Benim görüşüm; matbuatın haklı veya haksız tarizleriyle, tenkitleri geçen zamandan istifade edilmiştir. Endişe veren yerlerini tebarüz ettirdiğimiz gibi istifâdeli olan yerleri de tasdik etmeliyiz.”

Özetle, bir iktidarın muhalif eleştirilere karşı sabırlı olmasını, hatta ondan istifade edilmesini öneriyor; yoksa muhalefete sabır falan tavsiye etmiyor.

*

Şimdi nereden nereye tabii.

İyi de gelelim bugüne ve muhalefet cephesine…

Ülke bu kadar yanlışlar içerisinde debelenirken sadece doğruları söyleyip “Hele durun bakalım nasıl olsa layıklarını bulacaklar” sabrı mı göstermeli; yoksa yine de o yanlışların içerisinde olanlar kadar cesaretle karşı mı çıkmalılar?

Çıkılmıyor…

Ne yazık ki her şeye rağmen siyasette “Çocuk musun!” anlayışı sürüp gidiyor. Bu edilgenlik de tabii ki siyaset tahterevallisinde atılan o her kötü, her kural dışı adımla birlikte bu adımı atanların ağırlığını biraz daha arttırıyor.

Şöyle geriye dönüp bir bakılsa, siyaset binasının bu günkü çarpıklığı, o binanın duvarları geçmişte tuğla tuğla örülürken, daha ilk tuğlalar dizilirken cesaretle karşı çıkılmamasından kaynaklanmadı mı? Şimdi karşımıza dikilen o heyula siyasi yapı geçmişte verilen küçük küçük tavizlerin birikimi, zaman içerisinde vardırıldığı nokta değil mi?

*

Siyaset ne yazık ki bizim gibi ülkelerde bu işe soyunanların kamuya, halka cânıgönülden hizmeti değil de bu işin “erbabının” mesleği haline gelmiş.

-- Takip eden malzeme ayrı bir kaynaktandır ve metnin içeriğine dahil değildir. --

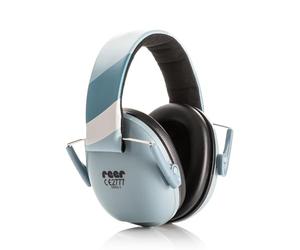 reer SilentGuard Kids - Protección auditiva para niños a partir de 5 años, ayuda para concentrarse y aprender, plegable y creciente, SNR = 27, azul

Dolayısıyla, arkasında çok başka nedenleri de olan bu çarpıklıkta doğruyu söyleyip geçmek değilse bile “doğruyu yapmak” çoğu zaman mesele oluyor ve siyasetçinin adeta “Doğruyu yaparsam siyasi yaşamım biter, siyasetteki kazanımlarım sıfırlanır” gibi bir “mesleki tercihe” takılıp kalıyor.

Öyle ya, siyaset düzeni çarpıksa, siyasetin bu çarpık düzeninde ayakta kalabilmenin hatta çıtayı biraz daha yükseltebilmenin tek yolu da sırasında lafla haktan yana olup yine de bu çarpıklığın dengesine özen göstermek! O çarpık yapı koşullarında uyumu yakalamak!.

Özetle:

“Böyle de olur mu hiç?” falan diyorsunuz siyasetçiye;

Dışa vurmasa da içinden “Ben çocuk muyum” diyor.

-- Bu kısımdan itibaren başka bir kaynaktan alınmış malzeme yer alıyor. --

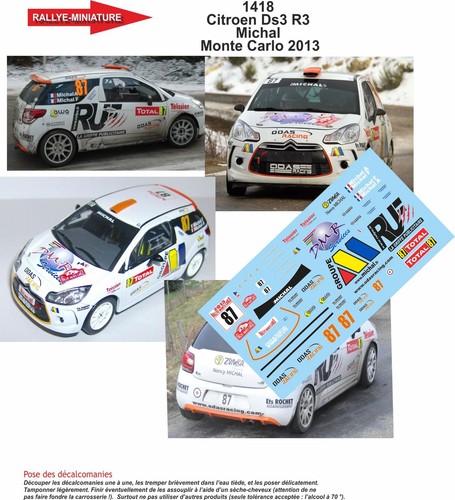 Decals ref 1418 - ref, citroen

Oyun(!)un kuralı buysa bundan ne kadar ümitli olabiliriz ki?

Galiba çözüm Andersen’in “Kral Çıplak” hikayesindeki gibi yine çocuklarda ve çocukluklarda. Tabii bir de ileri yaşlarına karşın hala beklentilerine değil de sadece içindeki çocuğun sesini duyanlarda, dinleyenlerde.

Büyük kurtarıcı boşuna “Ey çocuk, ey Türk gençliği…” dememiş olmalı.